> _What this task involves_: From the line containing "yu-gi-oh! manga collection" through the final line of the records, reproduce every line exactly.

> _Supplied material_:
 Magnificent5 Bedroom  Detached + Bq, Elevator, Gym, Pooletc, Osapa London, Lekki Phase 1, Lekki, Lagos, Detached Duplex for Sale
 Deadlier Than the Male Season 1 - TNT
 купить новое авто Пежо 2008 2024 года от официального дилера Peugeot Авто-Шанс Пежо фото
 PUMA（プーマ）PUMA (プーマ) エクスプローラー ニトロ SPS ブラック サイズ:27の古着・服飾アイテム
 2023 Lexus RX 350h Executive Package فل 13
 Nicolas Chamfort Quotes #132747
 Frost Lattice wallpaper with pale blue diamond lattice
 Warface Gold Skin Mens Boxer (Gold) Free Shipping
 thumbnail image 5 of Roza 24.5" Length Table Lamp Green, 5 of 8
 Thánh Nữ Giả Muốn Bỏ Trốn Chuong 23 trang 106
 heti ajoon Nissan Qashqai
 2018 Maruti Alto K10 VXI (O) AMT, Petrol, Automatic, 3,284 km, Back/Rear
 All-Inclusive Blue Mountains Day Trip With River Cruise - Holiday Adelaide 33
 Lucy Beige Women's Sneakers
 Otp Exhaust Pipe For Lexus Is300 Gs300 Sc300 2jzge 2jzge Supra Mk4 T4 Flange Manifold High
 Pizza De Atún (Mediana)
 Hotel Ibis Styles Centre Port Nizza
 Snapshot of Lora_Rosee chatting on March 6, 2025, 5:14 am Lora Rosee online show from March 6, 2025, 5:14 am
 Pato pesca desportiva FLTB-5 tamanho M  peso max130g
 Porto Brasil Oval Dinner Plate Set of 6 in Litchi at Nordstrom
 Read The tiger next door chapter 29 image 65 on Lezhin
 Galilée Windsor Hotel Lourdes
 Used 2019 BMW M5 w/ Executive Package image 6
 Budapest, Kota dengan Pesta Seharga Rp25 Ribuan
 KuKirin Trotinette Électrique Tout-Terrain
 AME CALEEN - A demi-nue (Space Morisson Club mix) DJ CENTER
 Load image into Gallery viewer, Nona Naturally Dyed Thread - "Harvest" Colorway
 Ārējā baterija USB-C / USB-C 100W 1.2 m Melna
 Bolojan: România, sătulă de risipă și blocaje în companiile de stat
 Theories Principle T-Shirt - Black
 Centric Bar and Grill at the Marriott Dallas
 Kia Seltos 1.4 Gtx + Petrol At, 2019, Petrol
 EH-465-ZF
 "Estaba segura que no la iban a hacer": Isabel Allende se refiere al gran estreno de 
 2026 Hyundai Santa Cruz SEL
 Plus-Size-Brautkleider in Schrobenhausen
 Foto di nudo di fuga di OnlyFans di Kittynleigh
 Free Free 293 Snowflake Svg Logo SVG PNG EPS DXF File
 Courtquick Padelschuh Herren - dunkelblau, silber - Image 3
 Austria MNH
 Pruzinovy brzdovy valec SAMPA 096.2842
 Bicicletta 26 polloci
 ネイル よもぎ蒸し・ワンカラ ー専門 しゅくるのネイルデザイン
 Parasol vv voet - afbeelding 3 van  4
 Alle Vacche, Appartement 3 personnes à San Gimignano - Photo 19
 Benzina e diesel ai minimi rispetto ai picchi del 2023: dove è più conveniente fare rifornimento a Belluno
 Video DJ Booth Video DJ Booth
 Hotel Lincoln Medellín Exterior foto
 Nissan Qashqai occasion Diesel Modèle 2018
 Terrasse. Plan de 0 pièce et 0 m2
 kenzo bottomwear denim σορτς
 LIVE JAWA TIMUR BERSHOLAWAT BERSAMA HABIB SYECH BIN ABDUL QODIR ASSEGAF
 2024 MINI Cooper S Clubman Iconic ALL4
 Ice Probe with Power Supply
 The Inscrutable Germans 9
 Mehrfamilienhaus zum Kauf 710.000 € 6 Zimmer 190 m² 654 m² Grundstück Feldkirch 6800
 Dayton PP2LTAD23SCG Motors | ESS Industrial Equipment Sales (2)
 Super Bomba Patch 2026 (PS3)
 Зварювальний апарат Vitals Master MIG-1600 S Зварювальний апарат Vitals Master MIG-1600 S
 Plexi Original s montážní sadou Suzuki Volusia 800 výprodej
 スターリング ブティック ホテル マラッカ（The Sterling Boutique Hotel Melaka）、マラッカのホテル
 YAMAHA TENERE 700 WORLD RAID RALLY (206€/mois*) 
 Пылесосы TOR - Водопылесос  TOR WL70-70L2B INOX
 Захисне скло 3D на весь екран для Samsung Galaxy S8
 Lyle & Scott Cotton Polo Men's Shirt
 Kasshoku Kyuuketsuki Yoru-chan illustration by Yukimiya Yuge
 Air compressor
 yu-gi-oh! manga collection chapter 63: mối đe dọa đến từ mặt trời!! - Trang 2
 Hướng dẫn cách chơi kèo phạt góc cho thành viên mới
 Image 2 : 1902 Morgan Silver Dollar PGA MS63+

> _Output below_:
 yu-gi-oh! manga collection chapter 63: mối đe dọa đến từ mặt trời!! - Trang 2
 Hướng dẫn cách chơi kèo phạt góc cho thành viên mới
 Image 2 : 1902 Morgan Silver Dollar PGA MS63+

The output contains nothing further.